-By Glen Brown
Even though the State’s liabilities continue to increase and the State of Illinois has a cash-flow problem (and we know the reasons why), bankruptcy is not an option. Why? Because bankruptcy would destroy the State of Illinois’ credit rating completely and its ability to borrow at affordable interest rates; the State’s budgets would be slashed; bond sales would plunge, and the bond market would destabilize. Most importantly, the U.S. Constitution prohibits any state from declaring bankruptcy or “impairing the obligation of contracts” (Article 1, Sec. 10).
As stated by the Center on Budget and Policy Priorities: “Various pundits [who suggest] enacting federal legislation that would allow states to declare bankruptcy, potentially enabling them to default on their bonds, pay their vendors less than they owed, and abrogate or modify union contracts [are idiots]. Such a provision could do considerable damage, and the necessity for it has not been proven.
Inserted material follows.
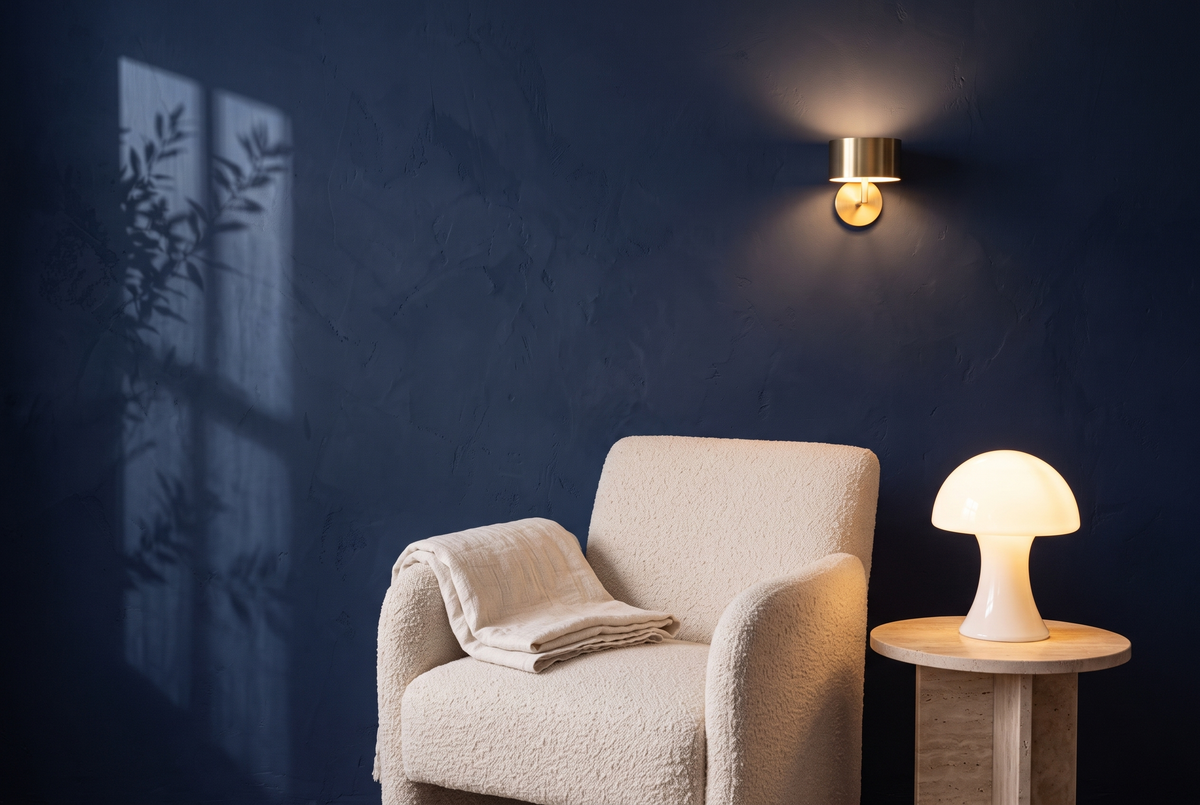 Kabellose Akku-Tischlampe aus Opalglas und kabellose Wandleuchte ohne Kabel neben einem Bouclé-Sessel vor navyblauer Wand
“States suffer from ‘structural deficits’ or the failure of revenues to grow as quickly as the cost of services… Structural deficits stem largely from out-of-date tax systems, coupled with costs that rise faster than the economy in areas such as health care. Fixing these structural problems would help states and localities balance their operating budgets without resorting to [desperate measures]… It is far more constructive to focus on fixing these basics of state and local finance than to proclaim a crisis based on exaggerations of imminent threats.
“It is unwise to encourage states to abrogate their responsibilities by enacting a bankruptcy statute. States have adequate tools and means to meet their obligations… Confusion between short-term cyclical deficits and debt, pensions and retiree insurance – and the overstatement of the magnitude of the latter set of problems – draw attention away from the need to modernize state and local budget and revenue systems and address structural problems that have built up over time in these systems.”